* _Task item_
The material below has pictures in it. Set down only the lines from the line containing "Hello, I'm Pond" through the line containing "The union is", word for word, and leave the pictures behind.

-------- Data shown

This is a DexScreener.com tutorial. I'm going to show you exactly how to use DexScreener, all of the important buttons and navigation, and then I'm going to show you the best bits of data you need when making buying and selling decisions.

----------------
-------- Data shown

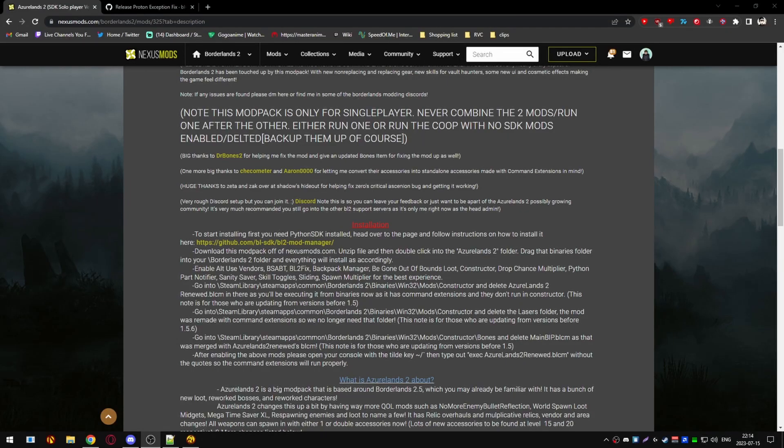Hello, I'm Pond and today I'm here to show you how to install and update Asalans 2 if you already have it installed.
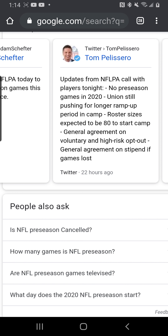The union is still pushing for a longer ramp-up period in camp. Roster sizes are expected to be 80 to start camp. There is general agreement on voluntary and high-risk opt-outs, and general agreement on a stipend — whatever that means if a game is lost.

----------------

* _Reply to the task_
Hello, I'm Pond and today I'm here to show you how to install and update Asalans 2 if you already have it installed.
The union is still pushing for a longer ramp-up period in camp. Roster sizes are expected to be 80 to start camp. There is general agreement on voluntary and high-risk opt-outs, and general agreement on a stipend — whatever that means if a game is lost.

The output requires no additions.